Still this would not satisfy everyone who feels compassion for cosmic
suffering. Professor Huxley has told us that there is no sadder story
than the story of sentient life upon this planet, and in so saying he
has the testimony of modern science behind him. A vast amount of
attention has been directed to this phase of the subject within the
past fifty years. We seem to be more sensitive to the presence of pain
as well as more sympathetic than our fathers were, and this tendency
shows itself in a recognition of the solidarity of humanity with the
lower creation. Theology has had practically nothing to say about the
suffering or even about the significance of the myriad forms of life
which exist below the human scale. But why ought they to be ignored?

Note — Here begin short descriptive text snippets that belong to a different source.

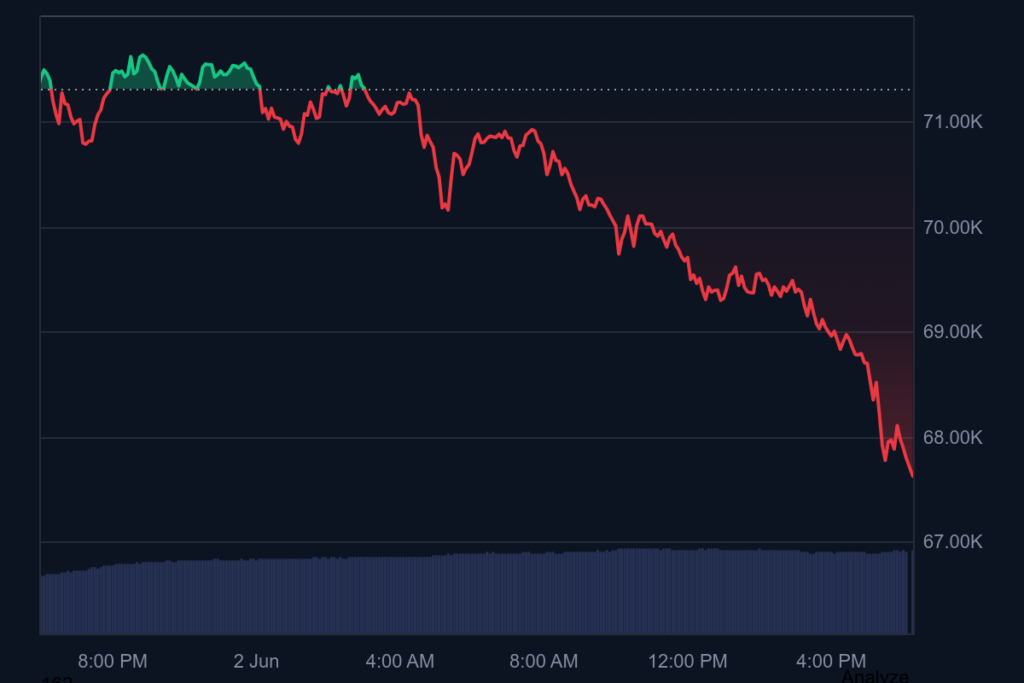 btc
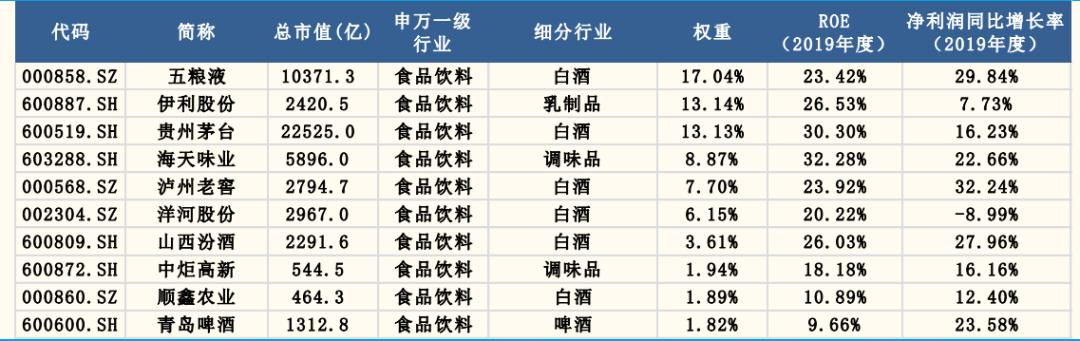 国金证券投资价值分析,国金量化多因子基金etf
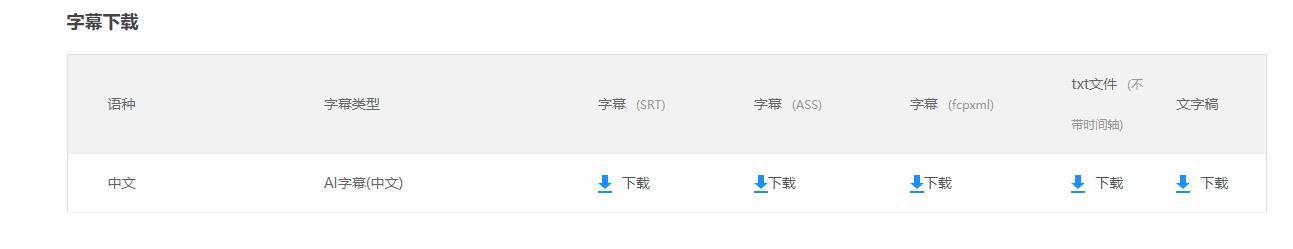 12款让人直呼“黑科技”的神仙工具，震惊的我天灵盖发麻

Indeed, how can they be ignored? The theology that has nothing to say
about my clever and loyal four-footed companion, with his magnanimity,
his sensitive spirit, and even his moral qualities, omits something of
considerable importance to a thorough and consistent world-view. "Not
a sparrow falleth to the ground without your Father," said one who
spake as never man spake. I think it was Schopenhauer who once
remarked, "The more I see of human nature the more I respect my dog."
Now the New Theology finds no difficulty in recognising the importance
of the brute creation, for it believes in a practical recognition of
the solidarity of all existence. There is no life that is not of God,
and therefore no life can ever perish, whatever may become of the form.